Como es obvio, esta progresiva politización del órgano de gobierno de los jueces y magistrados no es imputable a estos últimos ni a quienes los representan en dicho órgano. Esa politización deviene de las cámaras legislativas, que eligen en su integridad a los componentes del Consejo General del Poder Judicial, sobre el que pretenden ejercer un control mediato. Buena prueba de ello es la demora habida en la renovación del quinto Consejo, cuyo mandato se prolongó, prácticamente, dos años más de forma similar a lo que ocurrió y sigue ocurriendo en el Tribunal Constitucional, en el que la última renovación parcial se produjo casi tres años después, y la siguiente, que debía haberse operado en el mes de noviembre último, parece que va a seguir el mismo o parecido derrotero, y cuyos anómalos efectos se procuró subsanar con una modificación de la Ley Orgánica de dicho Tribunal, de dudosa constitucionalidad, que acortó el período de mandato de los nuevos magistrados elegidos.
Pero, por si fuera poco esa politización en la periódica configuración del órgano de gobierno del poder judicial, la independencia del mismo se ve afectada, también, por el limitadísimo ámbito de competencias que se le atribuye.

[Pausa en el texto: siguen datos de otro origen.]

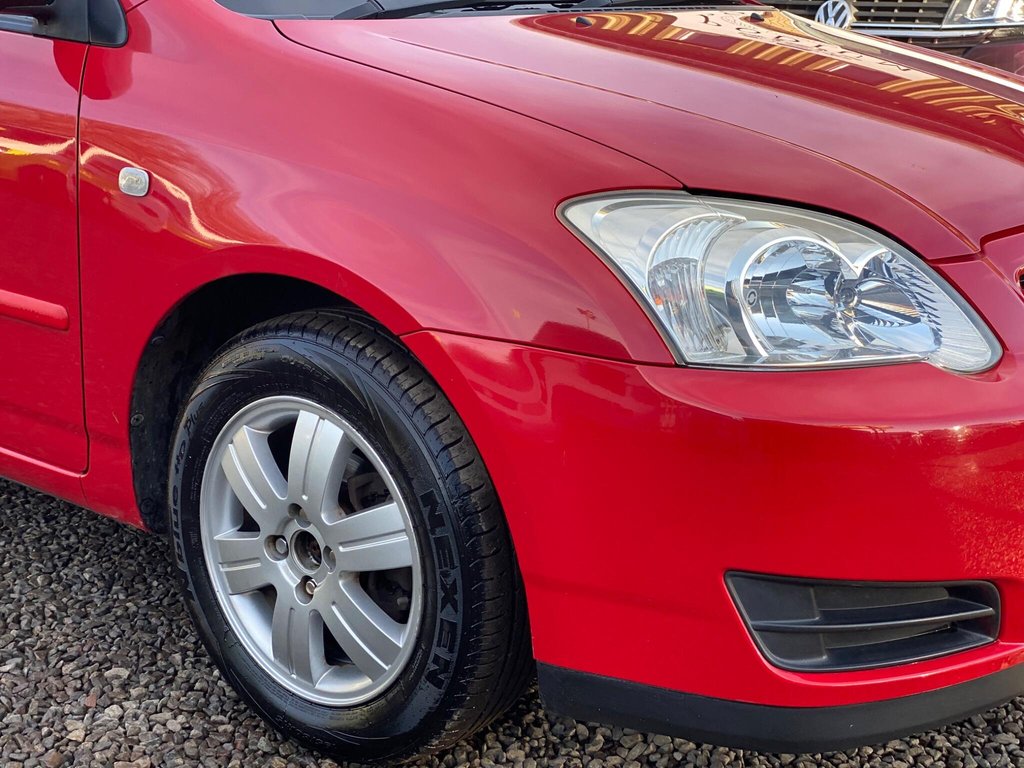 Used Toyota Corolla 2005 for sale - 77205379: Photo 20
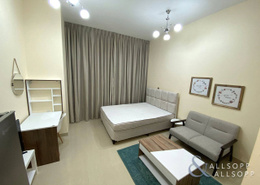 Luxury Studio Apt | Silicon Oasis | New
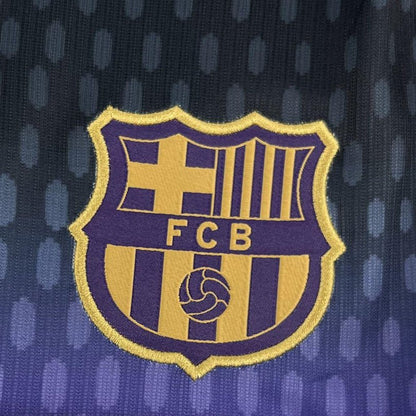 Fc Barcelona Away Shirt 2026-27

Si estas últimas se circunscriben, fundamentalmente, a la selección, a los nombramientos —la mayoría reglamentados, y solo en un pequeño porcentaje discrecionales— y al ejercicio de la facultad disciplinaria respecto de los jueces y magistrados y ni siquiera se le otorga la competencia en materia retributiva de estos últimos, fácilmente se advierte que la dependencia respecto del Ejecutivo —bien central o autonómico— resulta manifiesta en lo que se refiere tanto a la dotación de medios personales como a la de los materiales. Si, por el contrario, tanto el poder ejecutivo como el legislativo cuentan con una propia y separada autonomía en orden a la gestión de todo su entramado burocrático, no se entiende muy bien por qué el poder judicial ha de hallarse tutelado y depender del Ejecutivo —Ministerio de Justicia o Consejerías de las Comunidades Autónomas con competencia en la materia— para el desarrollo de la función pública que, constitucionalmente, tiene asignada como los otros dos poderes del Estado tienen la suya.
Bien, frente a cuanto se deja expuesto se podrá decir que la soberanía nacional se halla legítimamente representada en las Cortes Generales y que la responsabilidad de lo que estas hagan deberá depurarse en el proceso electoral, pero esto no resta un ápice al lamentable espectáculo que se está dando a la ciudadanía, que asiste atónita, aunque pueda no parecerlo, a los manejos orientados a la politización de órganos constitucionales, cuya divisa debe estar en su más radical y absoluta independencia.